From the first line to the last, print the data exactly as it appears.

-- Data block follows --

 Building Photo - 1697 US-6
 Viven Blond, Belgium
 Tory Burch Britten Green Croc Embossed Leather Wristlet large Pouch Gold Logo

-- Data block concluded --

*Worked solution*
 Building Photo - 1697 US-6
 Viven Blond, Belgium
 Tory Burch Britten Green Croc Embossed Leather Wristlet large Pouch Gold Logo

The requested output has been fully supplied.